* _TASK INSTRUCTIONS_:
Retype all of the listing exactly, passing over any picture you find.

SUPPLIED DATA section start

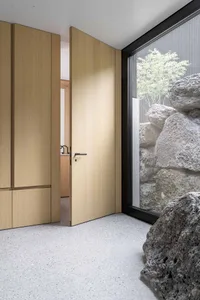 Modern entrance with wooden door, concrete floor, and rock wall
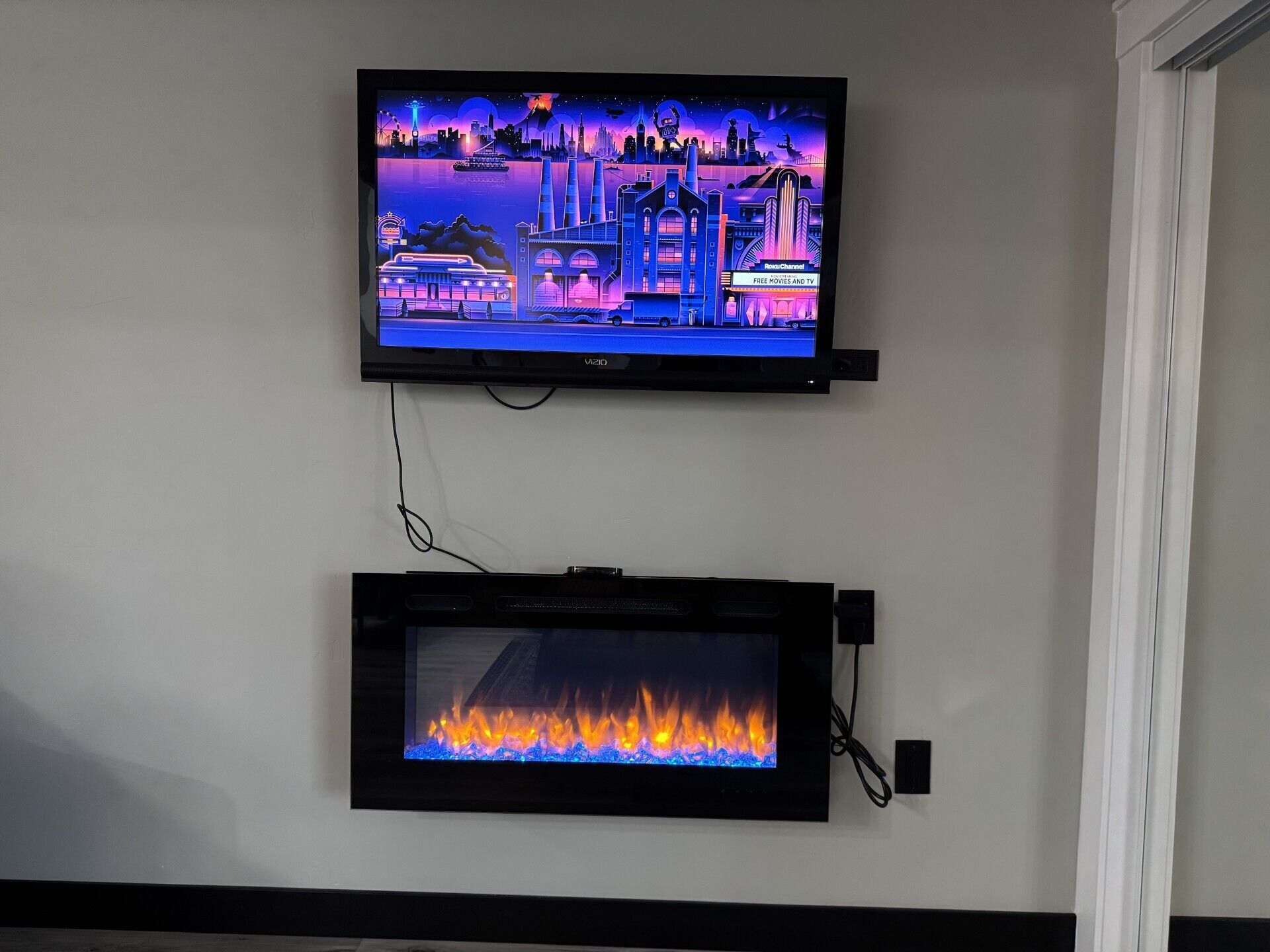 A flat-screen TV mounted on a wall above a fireplace.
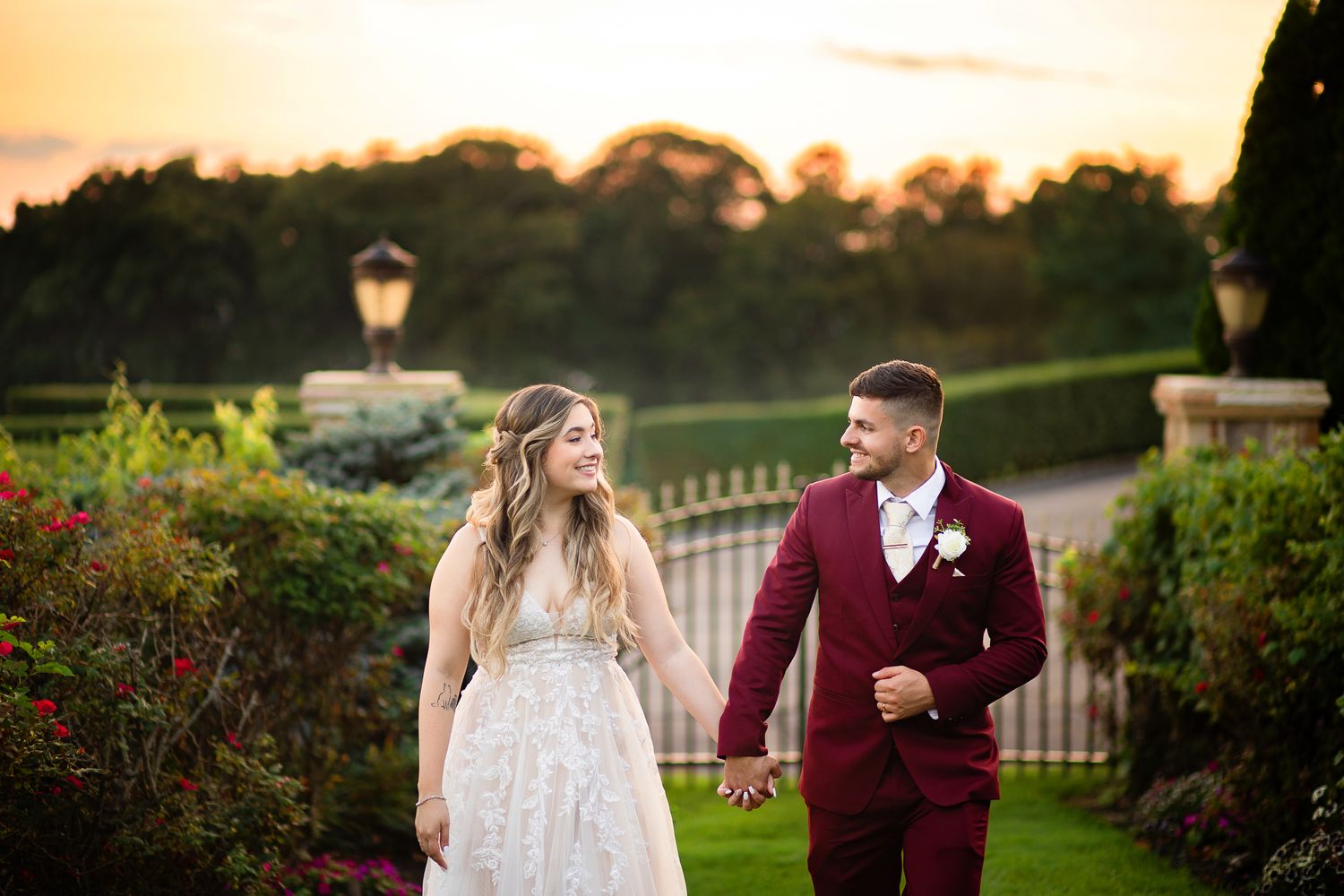 A couple in wedding attire walks hand in hand in a garden at sunset with a burgundy suit and white lace dress.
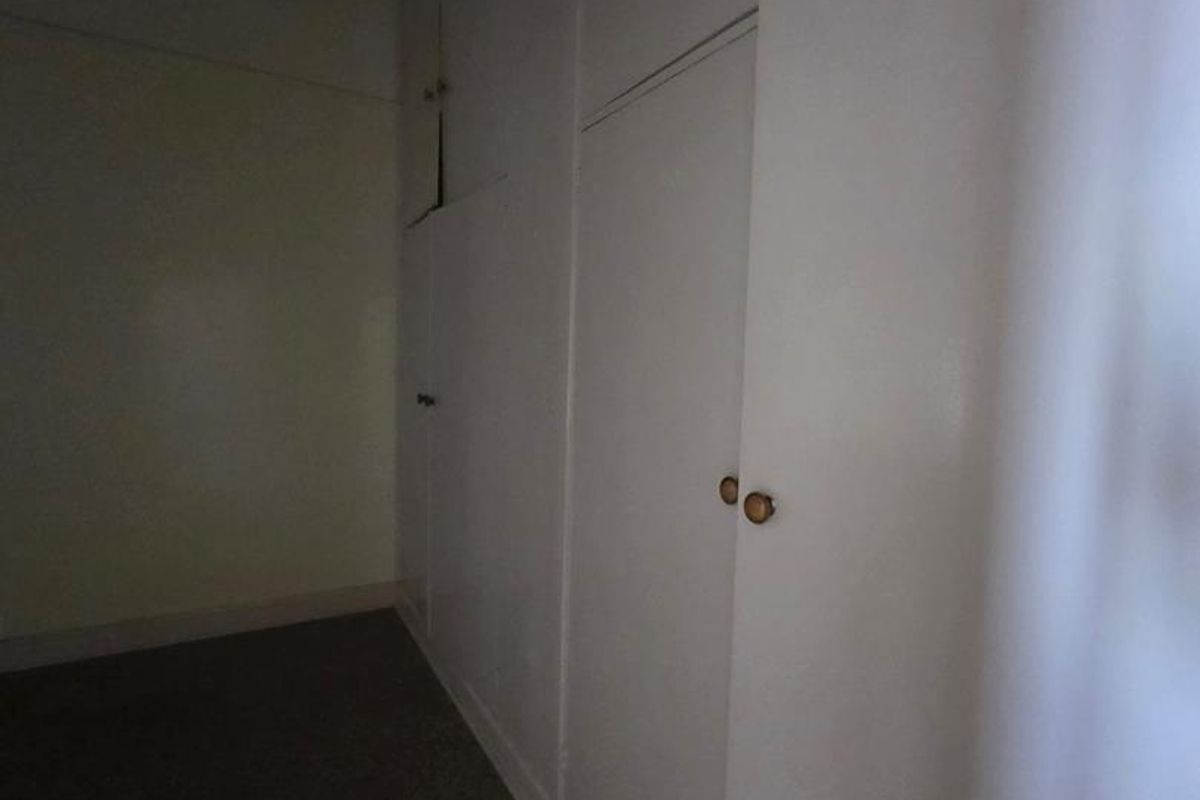 A bedroom featuring extensive built-in floor-to-ceiling storage cabinetry and carpeted flooring.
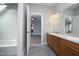 Bathroom with double vanity and a door leading to another room with gray flooring at 10001 Sandcreek Ct, Chapel Hill, NC 27517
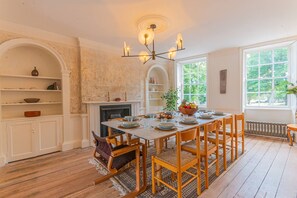 A dining room with a wooden table set for six, surrounded by chairs, a fireplace, and a large window with a view of trees. - Georgian Luxury Margate Tnhouse Sleeps 11 by Adliv (Margate)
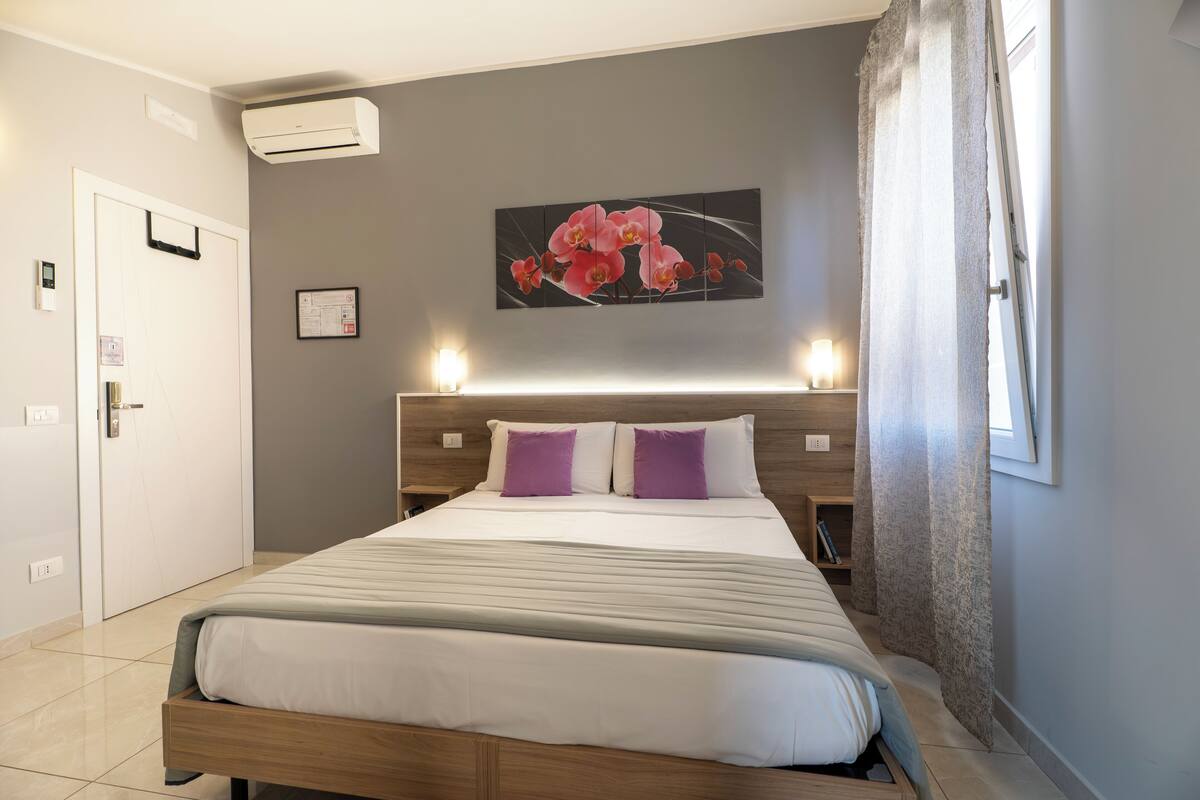 A neatly made bed with a wooden frame and white bedding, a wall-mounted air conditioner, a framed artwork of pink flowers, and a window with curtains.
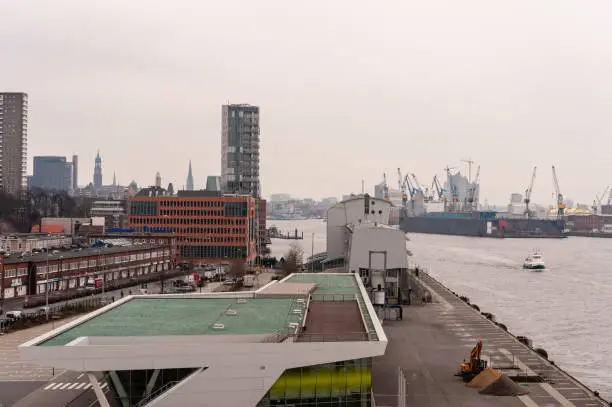 Hamburg, Germany - March 01, 2014: View from Dockland Building at Cruise Terminal Altona and Port of Hamburg at hazy day. Selective focus.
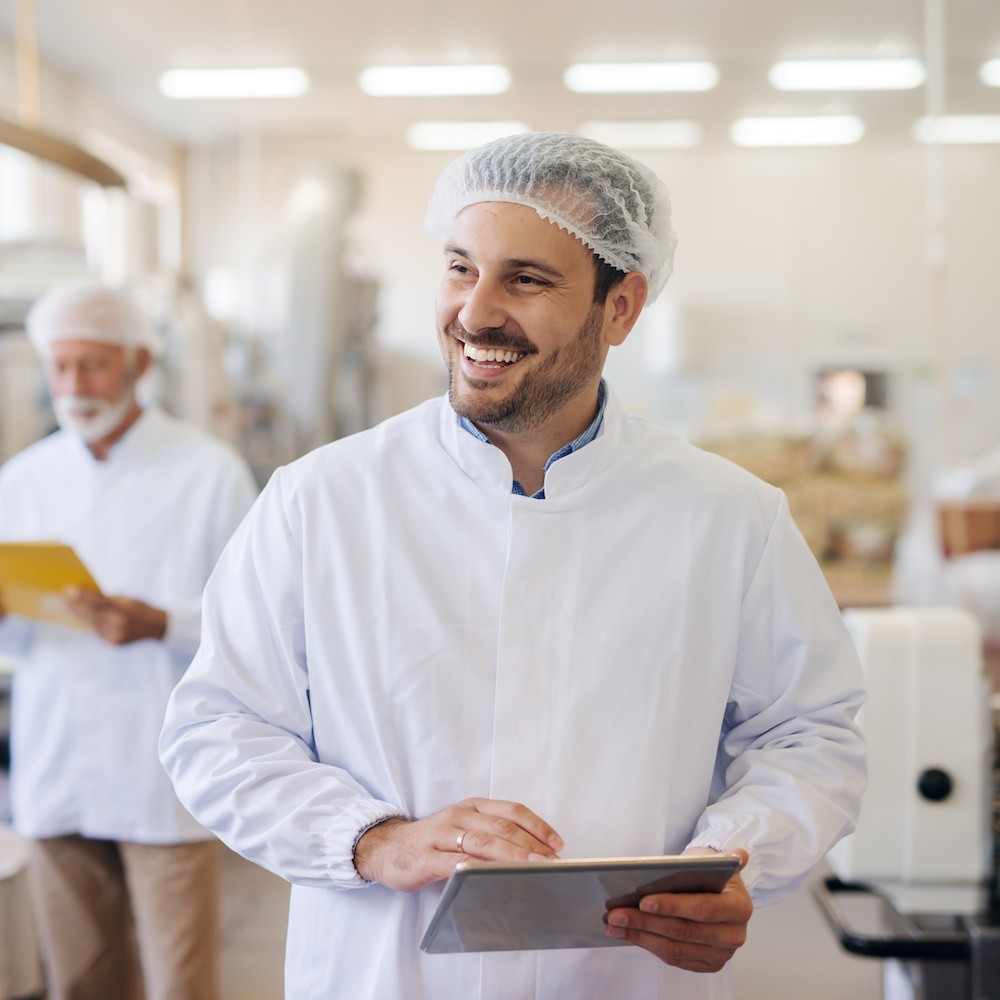 A person wearing hair net and chefs uniform carrying a clipboard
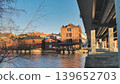 Porvoo, Finland - December 08, 2020: Historic wooden structures line the riverbank, with a bridge overhead creating a unique urban landscape and inviting atmosphere 139652703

SUPPLIED DATA section end

* _OUTPUT_:
 Modern entrance with wooden door, concrete floor, and rock wall
 A flat-screen TV mounted on a wall above a fireplace.
 A couple in wedding attire walks hand in hand in a garden at sunset with a burgundy suit and white lace dress.
 A bedroom featuring extensive built-in floor-to-ceiling storage cabinetry and carpeted flooring.
 Bathroom with double vanity and a door leading to another room with gray flooring at 10001 Sandcreek Ct, Chapel Hill, NC 27517
 A dining room with a wooden table set for six, surrounded by chairs, a fireplace, and a large window with a view of trees. - Georgian Luxury Margate Tnhouse Sleeps 11 by Adliv (Margate)
 A neatly made bed with a wooden frame and white bedding, a wall-mounted air conditioner, a framed artwork of pink flowers, and a window with curtains.
 Hamburg, Germany - March 01, 2014: View from Dockland Building at Cruise Terminal Altona and Port of Hamburg at hazy day. Selective focus.
 A person wearing hair net and chefs uniform carrying a clipboard
 Porvoo, Finland - December 08, 2020: Historic wooden structures line the riverbank, with a bridge overhead creating a unique urban landscape and inviting atmosphere 139652703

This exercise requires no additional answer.